Wim Houtman, Arts and Religion Editor
Nederlands Dagblad interview 2005


1. How did 9/11 strike you, having written “September Strike” seven or eight years previously?

My son, Stephen, who lives on the East Coast, called me immediately after the first plane went into one of the Twin Towers in NYC (he had been watching one of the morning television shows; his time zone is three hours later than ours). He first thought it was simply a terrible accident. As Dixie and I turned on the television, I could see it was clear and sunny that day in New York City. Not a cloud visible in the sky. Such an “accident” seemed impossible to me. I said to him, “That has to be a terrorist.” Just then we watched the second airplane drive its way through the second Tower and, of course, the rest is part of one of the world’s tragic historical events.

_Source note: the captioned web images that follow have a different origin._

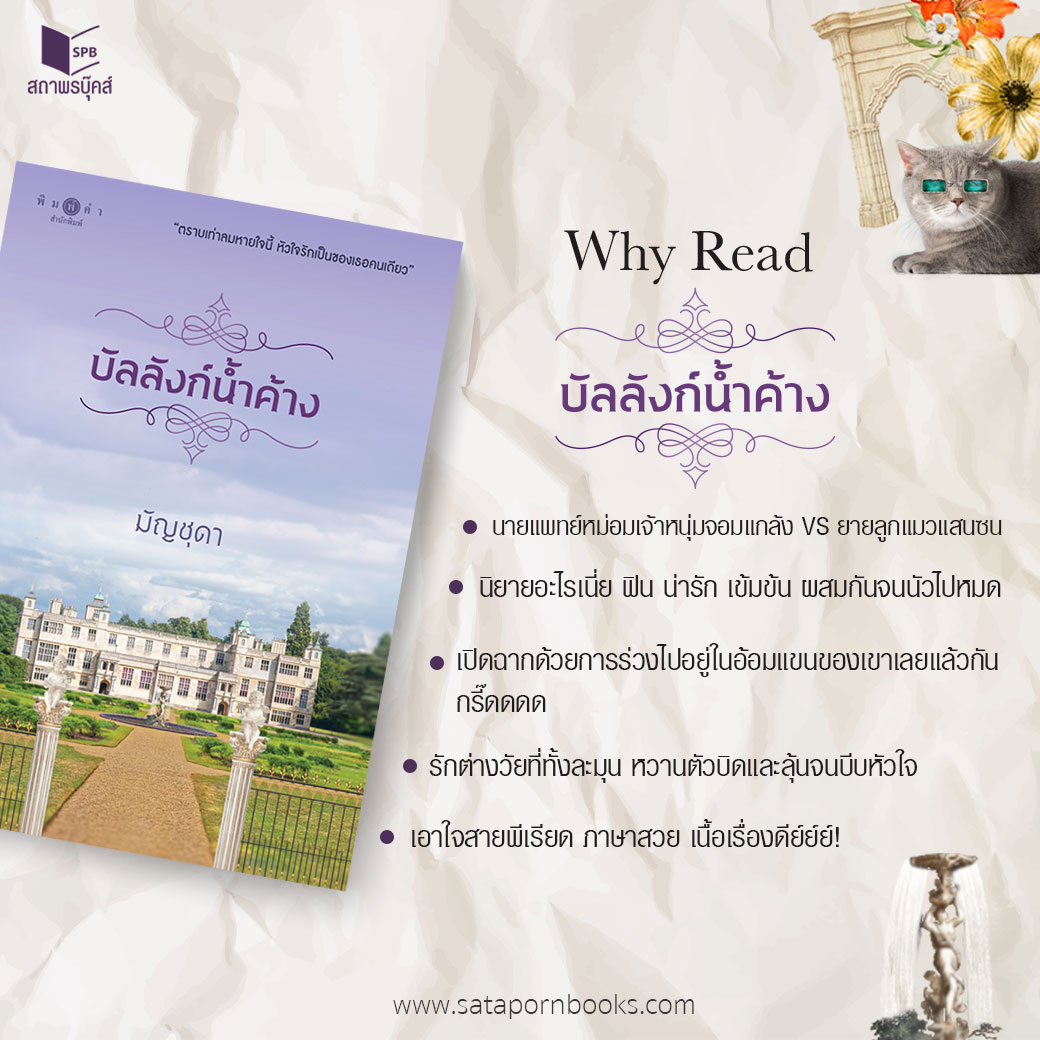 นิยายเรื่อง บัลลังก์น้ำค้าง : มัญชุดา : สำนักพิมพ์ พิมพ์คำ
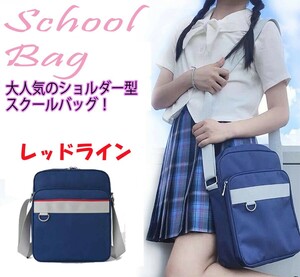 # school bag Red Line student woman height raw shoulder nylon sub bag high capacity skba going to school bag going to school bag (Y-004)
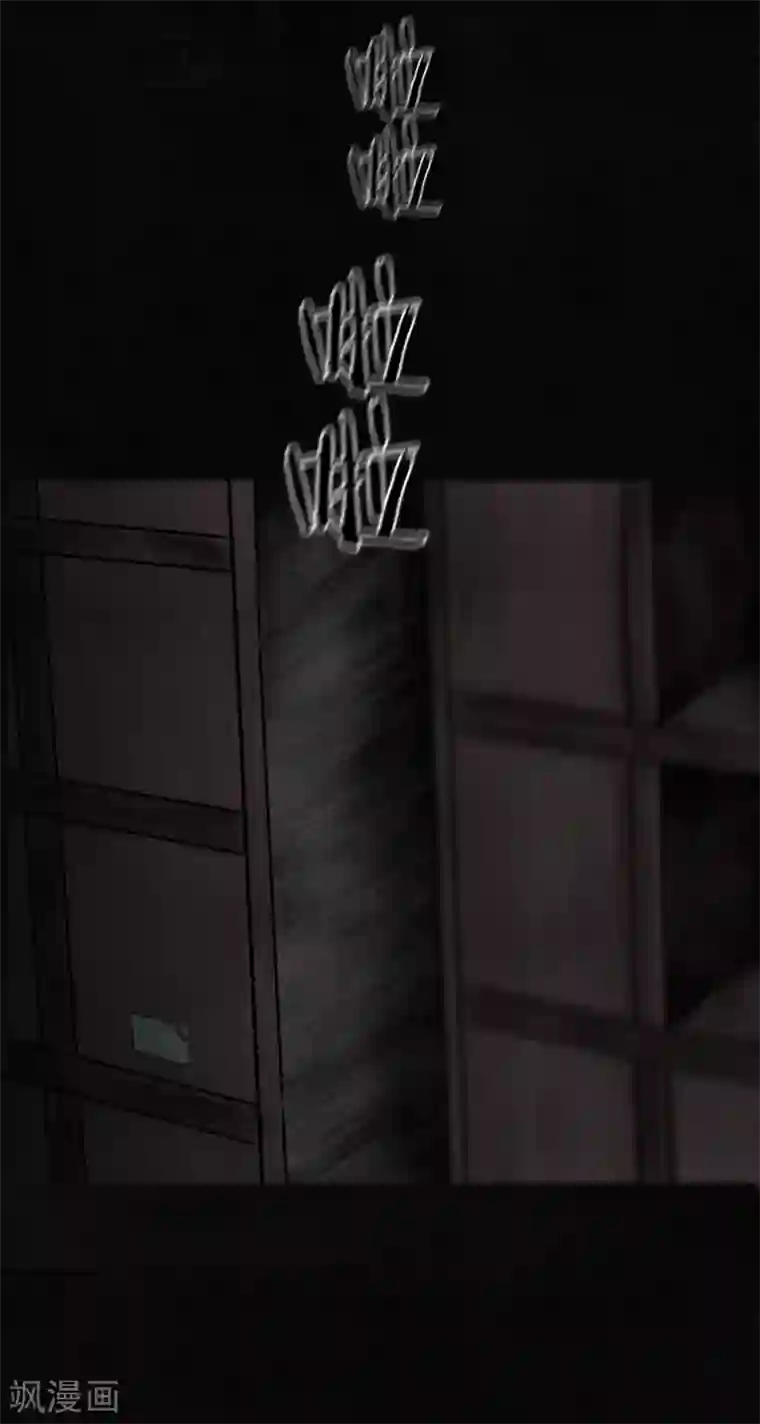 成都1995第45话 陆离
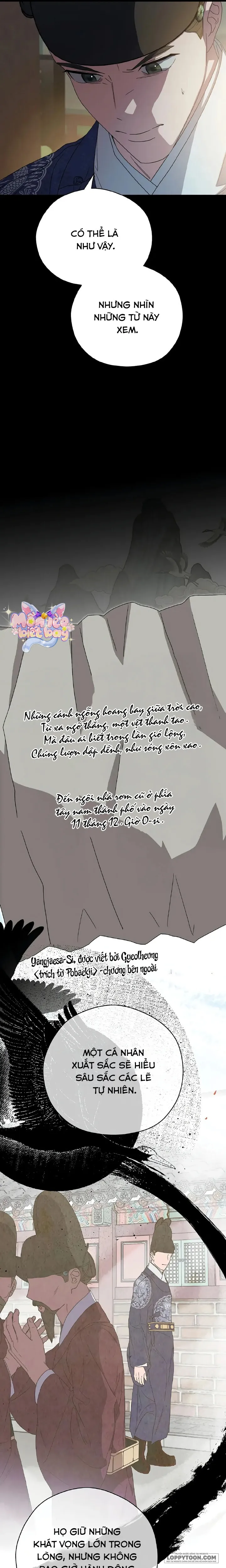 Ta Chỉ Muốn Ăn Em - Chap 27 - Trang 3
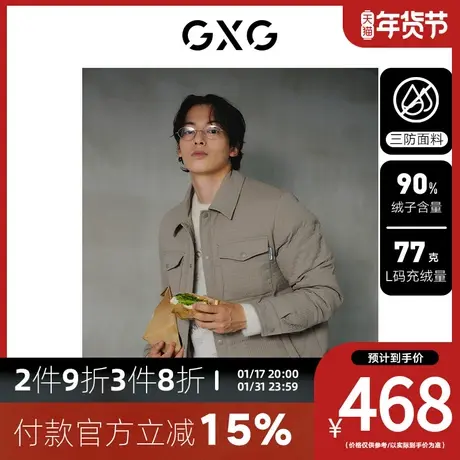 GXG男装[新尚]冬季白鸭绒三防小方格轻薄衬衫式短款羽绒服外套图片
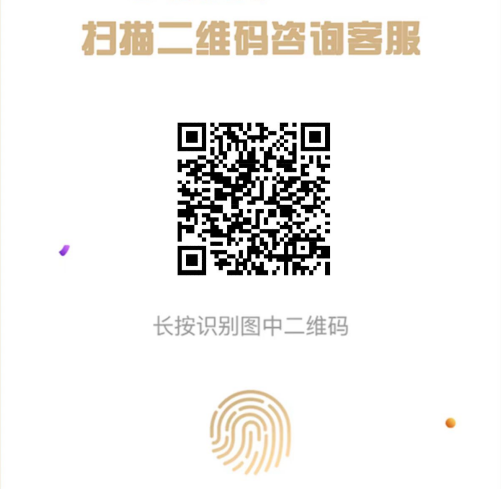 TikTok专属网络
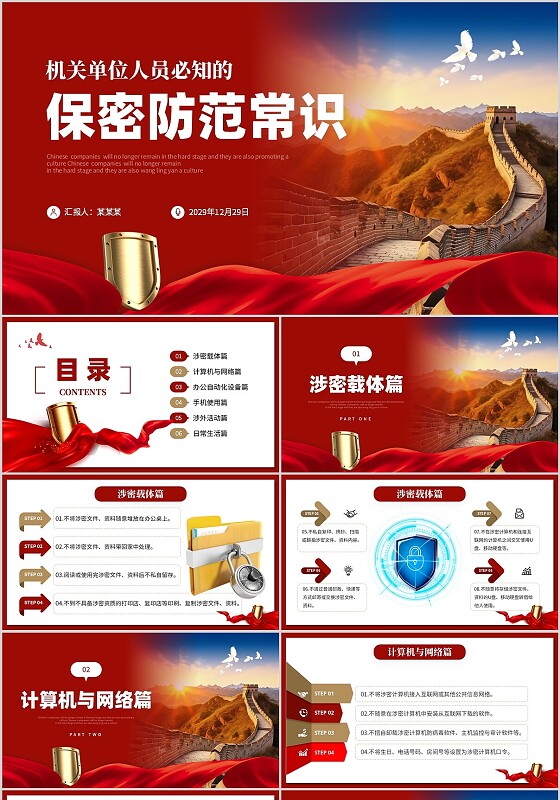 红色大气长城背景机关单位人员必知的保密防范常识PPT电脑与文件保密培训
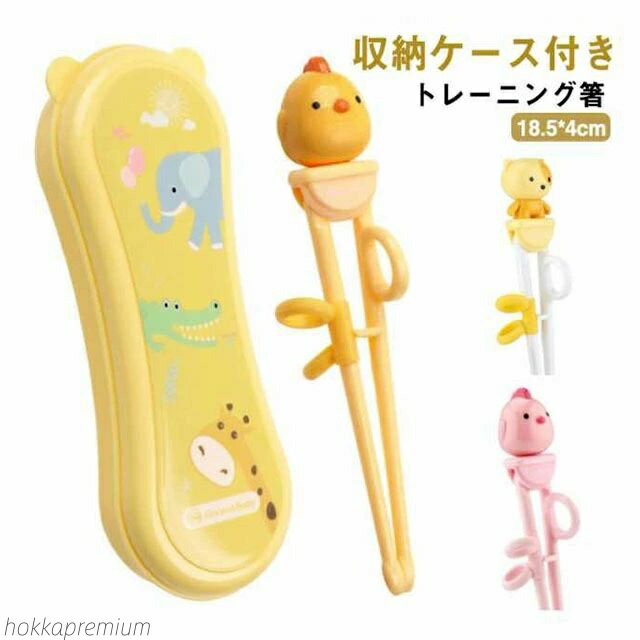 【送料無料】対象2〜7才 しつけ箸 しつけ箸 収納ケース付き 見直し プレゼント トレーニング箸 入学 入..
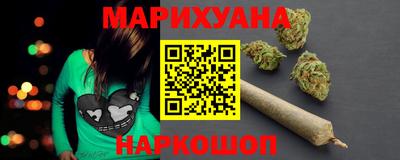 дмт Первоуральск
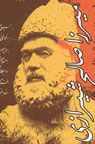 تعداد نمايش: 3764 بار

2. Where did you get the idea for this co-ordinated, simultaneous terrorist action targeted against the US?

The basic plot for Without Warning was first formulated while I was in Tel Aviv. Two boatloads of terrorists landed just south of the city, intent on waging a suicide attack on a hotel similar to the one in which we were staying, killing as many tourists as possible. I began then to think about the day when (not “if”) terrorists would eventually come to America and how vulnerable we were to such attacks.

3. Had you seen 9/11 coming in any way?

Since, in my view, the terrorism we face today has a radical religious base, mixed with politics, I began to think how vulnerable the American church would be to such an attack. Without Warning was first published in 1994 under the title, September Strike. When Kregel’s staff read the book, they were struck with how the story almost prophetically paralleled the 9/11 attack and subsequent events. However, they chose not to use the same title out of respect to 9/11 and its victims.

4. In other ways your story is clearly pre-9/11: your terrorists are Palestinians, not al-Qaeda or similar groups, and they are into “old-fashion” hostage-taking, not suicide attacks. Did you consider rewriting it?

Terrorists and their methods are unfortunately everywhere and timeless. The terrorism threat is still very much alive among the radical Palestinian movements mentioned in Without Warning. In Israel and its immediate neighbors, al-Qaeda has not been as overtly influential as other groups that have operated in the region for some time. Of course, terrorism tends to be an ever-changing moving target. Hostage taking may not be as “old-fashioned” as you may think. Numerous hostage events continue to occur in Iraq, the Philippines, and elsewhere. Even airplane hostage-taking efforts have been thwarted since 9/11. Terrorists seem to have few scruples when it comes to the taking of innocent life.

5. Do I detect a hint of sympathy for Palestinians, even terrorists?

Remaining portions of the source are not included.